В начале XX века Уилле предлагают должность в McClure’s Magazine, к тому времени это один из образцов качественной американской журналистики. Здесь она знакомится с Эдит Льюис, которая работает в издании редактором. Вместе они проживут почти 40 лет.

Уилла никогда не распространялась о своей сексуальности, но сейчас ее биографы полагают, что и до встречи с Льюис ее возлюбленными были исключительно женщины (одна из них, шведско-американская оперная певица Олив Фермстад, стала прототипом героини «Песен жаворонка»).

За годы до этого из-за консервативных законов и настроений в США этот факт старательно вымывался из истории Уиллы, а Эдит в ней осторожно обозначали как «секретаря». Молчали о своих отношениях и Кэсер с Льюис. Следов не нашлось даже в выпущенных в 1953 году мемуарах последней, а в своем завещании Кэсер запрещала посмертную публикацию собственных писем на десятки лет вперед. В публичный доступ они попали лишь несколько лет назад и подтвердили догадки историков: эмоциональную и романтическую привязанность Уилла испытывала к женщинам (интимных деталей переписка, впрочем, не содержала).

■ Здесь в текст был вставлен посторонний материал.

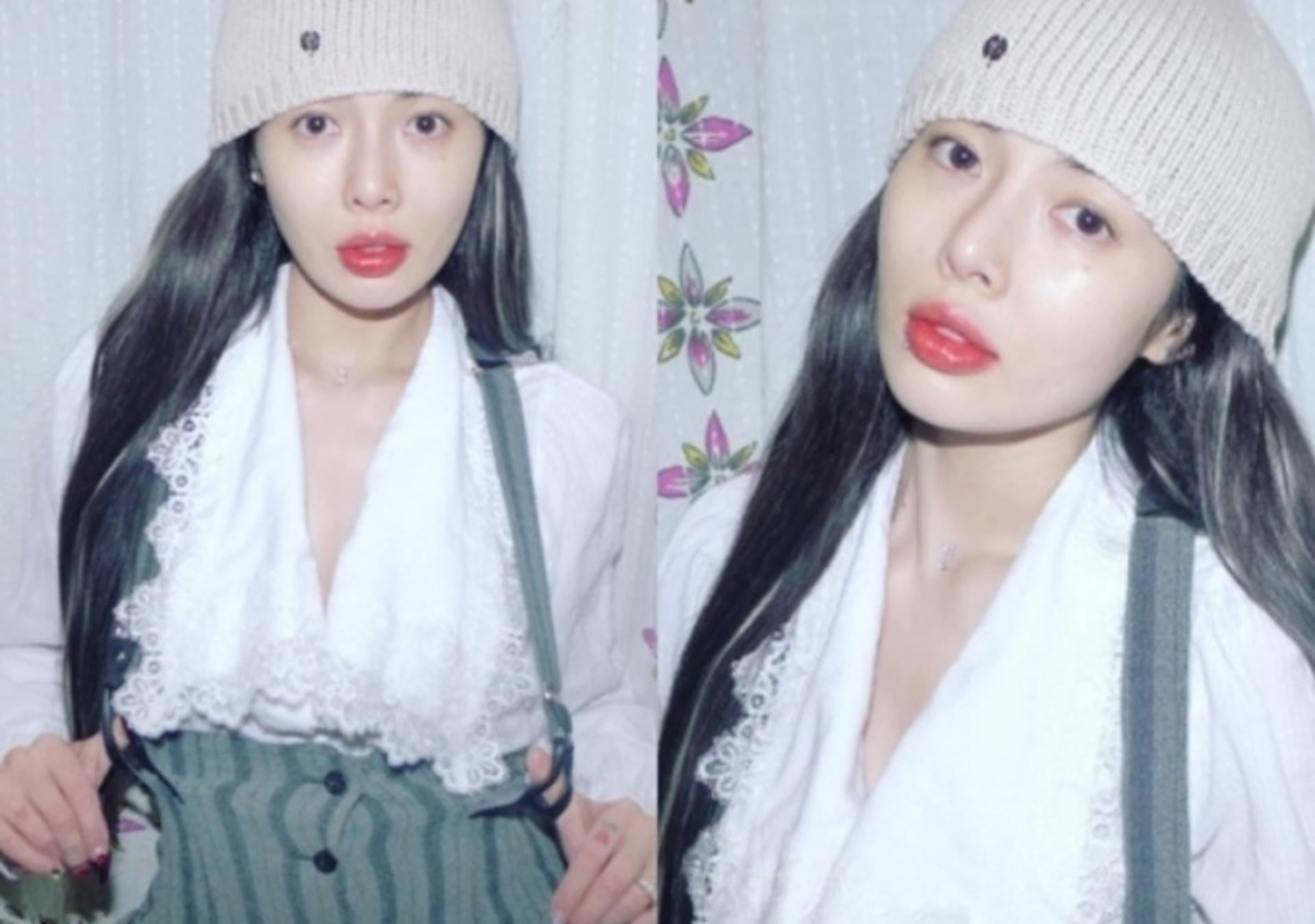 '던♥' 현아, 목에 보석을?… 보기만 해도 아픈 '피어싱'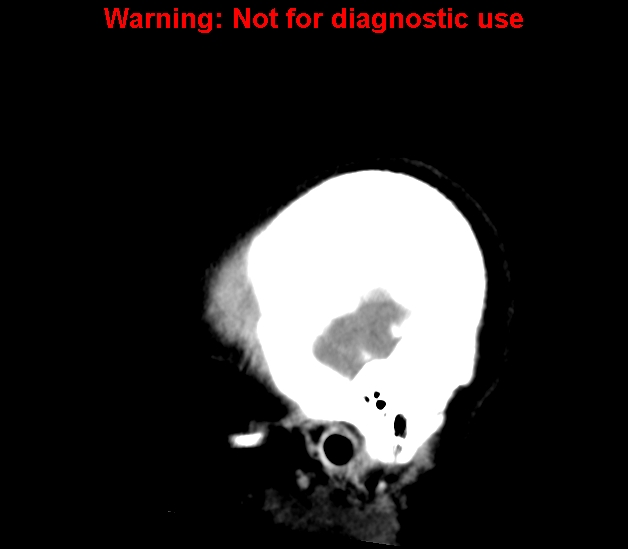 File:Cerebral venous thrombosis (Radiopaedia 37224-38992 B 3).jpg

Партнерство было не только личным: недавно исследователи обнаружили, что Льюис принимала участие в создании и редактировании многих произведений Кэсер, в том числе прославившего McClure’s Magazine расследования о лидере религиозного движения «Христианская наука». Кэсер и Льюис много сделали для прозы и социальной журналистики начала века, как бы отвечая на популярный гомофобный упрек в том, что однополому союзу не суждено быть плодотворным.